# 4x4 With Feet



## One Wheel (Dec 3, 2019)

In preparation for Small Cheese 2019 I have done a couple of 4x4 With Feet solves, and want an incentive to do more. I’m also curious to see what competition might be like. I don’t know how long this will last, but for now here are a few scrambles:

1. R B2 U' L' F2 R2 U B' L' R2 U B2 U' B2 R2 D L2 U2 B2 L2 Uw2 R Fw2 U R2 Fw2 U L Uw2 Rw2 R' U' D Fw' R' D2 R Fw' Uw B2 Rw' R2 F' Uw U 
2. B2 R' L2 D2 B D' F2 L2 F R D2 L2 F2 R2 F2 D2 R' F2 D2 R F2 Rw2 Uw2 U R F2 D2 Fw2 B2 U Rw2 Fw2 R' B2 Fw' L F R' D L2 Rw Uw Rw2 Uw D2 F' R 
3. R' D2 R' B2 L' D2 R' U2 L' B2 U2 D B D' B2 D B R F R Uw2 Rw2 R F' R2 D2 R2 Uw2 B2 R' Uw2 L F' D Rw2 L2 B' Rw' Uw' R' Uw' Fw Uw2 R2 
4. U' L2 D B2 D' R2 U B2 D' L2 F D L' F' D' U' R U2 R2 U Rw2 B Uw2 R2 Fw2 L' Fw2 R2 D2 B' L' B2 Uw F L Uw B2 R U' L2 Rw Uw' U' Fw2 Rw 
5. D B U D2 B2 R B D2 L D2 F2 U R2 F2 L2 B2 D' F2 D L2 Rw2 F Uw2 D' R2 Fw2 Uw2 L2 D2 R2 F' D2 Rw' B' D2 F' D' Fw2 R U' Fw Uw B' R' F


----------



## GAN 356 X (Dec 3, 2019)

4x4 with feet? What is the world coming to


----------



## One Wheel (Dec 3, 2019)

GAN 356 X said:


> 4x4 with feet? What is the world coming to


More fun?


----------



## stoic (Dec 3, 2019)

What sort of times are you getting?
I can't imagine doing OLL parity with feet, let alone a full solve...!!


----------



## One Wheel (Dec 3, 2019)

stoic said:


> What sort of times are you getting?
> I can't imagine doing OLL parity with feet, let alone a full solve...!!

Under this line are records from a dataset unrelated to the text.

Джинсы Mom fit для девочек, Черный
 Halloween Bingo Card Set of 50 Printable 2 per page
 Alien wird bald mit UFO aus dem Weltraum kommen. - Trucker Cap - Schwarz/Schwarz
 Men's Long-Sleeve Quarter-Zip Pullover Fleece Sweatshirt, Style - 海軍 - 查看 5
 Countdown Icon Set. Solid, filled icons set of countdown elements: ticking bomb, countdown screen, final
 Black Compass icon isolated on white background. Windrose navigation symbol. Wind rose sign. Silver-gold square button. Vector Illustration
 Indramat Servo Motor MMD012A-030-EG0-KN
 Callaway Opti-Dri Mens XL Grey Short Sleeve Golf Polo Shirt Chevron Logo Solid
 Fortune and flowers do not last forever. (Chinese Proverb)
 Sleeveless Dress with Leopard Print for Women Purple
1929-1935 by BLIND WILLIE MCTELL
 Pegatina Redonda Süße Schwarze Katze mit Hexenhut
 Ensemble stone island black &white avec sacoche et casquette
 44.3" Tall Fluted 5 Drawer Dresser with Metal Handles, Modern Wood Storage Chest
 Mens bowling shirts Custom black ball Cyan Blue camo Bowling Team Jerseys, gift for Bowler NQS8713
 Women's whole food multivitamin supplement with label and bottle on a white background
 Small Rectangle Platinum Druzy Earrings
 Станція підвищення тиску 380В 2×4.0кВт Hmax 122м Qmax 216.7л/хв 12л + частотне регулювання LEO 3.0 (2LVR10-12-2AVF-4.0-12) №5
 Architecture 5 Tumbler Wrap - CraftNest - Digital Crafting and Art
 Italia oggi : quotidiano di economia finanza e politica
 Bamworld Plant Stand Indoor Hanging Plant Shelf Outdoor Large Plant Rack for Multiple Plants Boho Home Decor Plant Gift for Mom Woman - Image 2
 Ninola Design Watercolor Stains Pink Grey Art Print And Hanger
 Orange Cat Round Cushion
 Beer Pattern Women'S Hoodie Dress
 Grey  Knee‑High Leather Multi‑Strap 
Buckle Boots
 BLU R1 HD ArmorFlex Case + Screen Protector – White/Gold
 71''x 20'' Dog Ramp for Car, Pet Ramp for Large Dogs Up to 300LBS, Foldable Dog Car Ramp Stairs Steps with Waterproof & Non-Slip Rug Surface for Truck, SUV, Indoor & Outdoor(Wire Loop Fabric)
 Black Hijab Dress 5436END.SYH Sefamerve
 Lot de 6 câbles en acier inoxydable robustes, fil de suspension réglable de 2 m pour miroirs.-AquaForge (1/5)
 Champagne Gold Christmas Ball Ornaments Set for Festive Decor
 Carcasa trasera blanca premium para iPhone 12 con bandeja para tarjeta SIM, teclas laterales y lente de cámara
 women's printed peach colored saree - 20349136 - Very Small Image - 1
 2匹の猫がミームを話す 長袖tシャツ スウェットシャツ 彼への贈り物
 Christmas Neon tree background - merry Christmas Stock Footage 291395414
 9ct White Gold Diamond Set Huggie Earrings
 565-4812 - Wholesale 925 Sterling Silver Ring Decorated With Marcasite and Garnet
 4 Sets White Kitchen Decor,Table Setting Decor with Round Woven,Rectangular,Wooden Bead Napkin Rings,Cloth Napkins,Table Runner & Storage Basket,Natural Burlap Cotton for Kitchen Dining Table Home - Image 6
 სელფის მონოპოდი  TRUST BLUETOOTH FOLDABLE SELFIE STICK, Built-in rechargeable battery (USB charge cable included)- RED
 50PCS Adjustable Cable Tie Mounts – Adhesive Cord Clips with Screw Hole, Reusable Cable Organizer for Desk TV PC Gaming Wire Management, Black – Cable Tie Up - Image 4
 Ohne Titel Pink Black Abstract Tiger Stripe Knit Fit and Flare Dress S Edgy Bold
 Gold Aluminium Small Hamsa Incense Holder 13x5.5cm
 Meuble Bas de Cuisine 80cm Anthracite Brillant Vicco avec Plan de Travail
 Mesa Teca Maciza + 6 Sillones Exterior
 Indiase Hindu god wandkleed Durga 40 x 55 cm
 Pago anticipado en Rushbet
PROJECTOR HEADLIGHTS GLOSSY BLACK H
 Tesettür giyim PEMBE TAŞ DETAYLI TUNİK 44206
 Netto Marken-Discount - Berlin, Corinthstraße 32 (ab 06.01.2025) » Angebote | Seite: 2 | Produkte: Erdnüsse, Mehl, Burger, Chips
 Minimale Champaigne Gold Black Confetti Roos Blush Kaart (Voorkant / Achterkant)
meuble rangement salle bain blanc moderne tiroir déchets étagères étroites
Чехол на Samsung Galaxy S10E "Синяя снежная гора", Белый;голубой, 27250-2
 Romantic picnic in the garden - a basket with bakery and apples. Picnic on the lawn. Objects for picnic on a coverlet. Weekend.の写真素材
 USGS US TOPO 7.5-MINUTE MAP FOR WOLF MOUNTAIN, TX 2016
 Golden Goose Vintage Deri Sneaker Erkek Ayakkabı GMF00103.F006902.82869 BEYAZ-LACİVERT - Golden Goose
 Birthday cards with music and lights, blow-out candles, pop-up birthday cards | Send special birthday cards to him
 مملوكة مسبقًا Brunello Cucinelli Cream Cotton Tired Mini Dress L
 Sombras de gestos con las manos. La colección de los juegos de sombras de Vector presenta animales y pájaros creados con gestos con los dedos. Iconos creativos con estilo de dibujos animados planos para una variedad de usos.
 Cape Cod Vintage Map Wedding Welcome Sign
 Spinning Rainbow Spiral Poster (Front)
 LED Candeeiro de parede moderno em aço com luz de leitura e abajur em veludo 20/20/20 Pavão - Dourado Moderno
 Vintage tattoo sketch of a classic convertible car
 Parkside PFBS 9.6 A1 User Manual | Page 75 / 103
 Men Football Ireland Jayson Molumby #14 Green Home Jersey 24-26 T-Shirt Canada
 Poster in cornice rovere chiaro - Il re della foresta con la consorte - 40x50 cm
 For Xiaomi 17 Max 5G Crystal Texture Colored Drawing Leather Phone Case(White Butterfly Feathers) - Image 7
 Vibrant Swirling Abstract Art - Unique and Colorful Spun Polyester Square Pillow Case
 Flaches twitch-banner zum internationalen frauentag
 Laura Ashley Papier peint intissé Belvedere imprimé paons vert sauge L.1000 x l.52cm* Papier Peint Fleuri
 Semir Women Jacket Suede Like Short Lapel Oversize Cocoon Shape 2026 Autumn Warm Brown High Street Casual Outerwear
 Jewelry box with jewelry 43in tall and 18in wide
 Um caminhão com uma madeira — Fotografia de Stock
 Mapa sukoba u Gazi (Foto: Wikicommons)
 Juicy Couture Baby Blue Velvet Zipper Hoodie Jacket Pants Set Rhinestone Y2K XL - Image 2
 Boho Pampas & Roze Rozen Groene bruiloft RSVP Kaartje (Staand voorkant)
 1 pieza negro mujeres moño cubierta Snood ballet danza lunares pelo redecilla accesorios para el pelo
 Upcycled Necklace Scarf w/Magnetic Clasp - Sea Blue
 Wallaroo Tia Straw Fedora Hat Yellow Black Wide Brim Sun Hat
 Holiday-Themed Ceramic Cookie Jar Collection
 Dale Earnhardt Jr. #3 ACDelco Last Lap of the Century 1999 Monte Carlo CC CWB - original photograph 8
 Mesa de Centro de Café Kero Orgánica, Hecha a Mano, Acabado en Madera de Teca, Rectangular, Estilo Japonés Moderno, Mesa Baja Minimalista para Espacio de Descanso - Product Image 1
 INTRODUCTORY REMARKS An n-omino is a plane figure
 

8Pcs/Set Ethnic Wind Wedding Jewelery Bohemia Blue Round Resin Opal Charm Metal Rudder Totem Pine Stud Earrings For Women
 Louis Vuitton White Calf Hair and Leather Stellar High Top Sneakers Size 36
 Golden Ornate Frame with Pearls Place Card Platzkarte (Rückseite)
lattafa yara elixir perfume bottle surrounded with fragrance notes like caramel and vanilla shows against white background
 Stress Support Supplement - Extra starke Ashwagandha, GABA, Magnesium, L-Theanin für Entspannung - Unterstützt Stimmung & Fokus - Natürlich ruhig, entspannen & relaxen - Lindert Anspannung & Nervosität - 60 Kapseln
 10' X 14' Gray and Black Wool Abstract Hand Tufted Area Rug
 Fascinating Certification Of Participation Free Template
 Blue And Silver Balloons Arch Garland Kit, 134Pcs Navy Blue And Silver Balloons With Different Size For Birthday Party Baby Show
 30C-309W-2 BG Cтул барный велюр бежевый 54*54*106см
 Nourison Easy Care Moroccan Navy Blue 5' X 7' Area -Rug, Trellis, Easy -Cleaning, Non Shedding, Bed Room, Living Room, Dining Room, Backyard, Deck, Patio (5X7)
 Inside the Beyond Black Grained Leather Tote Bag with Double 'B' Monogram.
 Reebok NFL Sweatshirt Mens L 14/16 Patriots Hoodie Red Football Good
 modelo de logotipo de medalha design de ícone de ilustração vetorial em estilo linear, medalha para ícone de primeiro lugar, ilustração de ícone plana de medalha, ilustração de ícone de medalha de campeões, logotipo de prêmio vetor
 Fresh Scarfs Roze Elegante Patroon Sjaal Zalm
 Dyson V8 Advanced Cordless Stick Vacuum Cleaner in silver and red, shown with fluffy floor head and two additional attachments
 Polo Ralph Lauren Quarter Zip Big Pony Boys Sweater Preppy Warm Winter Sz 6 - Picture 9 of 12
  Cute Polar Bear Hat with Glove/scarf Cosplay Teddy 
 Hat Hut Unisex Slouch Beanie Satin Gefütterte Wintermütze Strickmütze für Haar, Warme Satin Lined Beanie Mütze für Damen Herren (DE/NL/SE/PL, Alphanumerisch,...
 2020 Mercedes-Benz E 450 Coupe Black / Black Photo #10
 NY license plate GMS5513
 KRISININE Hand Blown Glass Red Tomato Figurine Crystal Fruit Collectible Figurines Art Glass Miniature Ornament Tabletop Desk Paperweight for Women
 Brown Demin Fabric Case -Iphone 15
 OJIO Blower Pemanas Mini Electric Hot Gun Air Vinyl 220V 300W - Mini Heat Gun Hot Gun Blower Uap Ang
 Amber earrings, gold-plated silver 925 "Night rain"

I’m hoping to find out what a few more people are getting with this thread. I’ve done 3 solves myself, I’ll do more later today. My best time is 7:35. I average about 1:30-1:40 on Feet and about 1:25 on 4x4. The WR single is 2:19.18, which I don’t think I can beat but which I think is entirely beatable.


----------



## GenTheThief (Dec 3, 2019)

When I did some solves I got a sub 5 average, but I haven't done 4x4 or Feet in a bit. I I'll do a couple solves in a bit a see how I'll do.


----------



## One Wheel (Dec 3, 2019)

1. 8:59 (the cat restarted the timer. Honest. 27 seconds plus 8:22 plus 15 seconds of inspection had counted down to 6)
2. (5:24.81)
3. 8:36.01 messed up an A-perm
4. (12:17.29) DNF has anybody tried to reassemble a 4x4 with their feet? Even just putting in a wing is really hard. 
5. 7:01.56

Ao5: 7:59.56

Lots of room for improvement.


----------



## bossel (Dec 4, 2019)

What about 4x4 1-foot blind solving ... ; - )


----------



## One Wheel (Dec 4, 2019)

bossel said:


> What about 4x4 1-foot blind solving ... ; - )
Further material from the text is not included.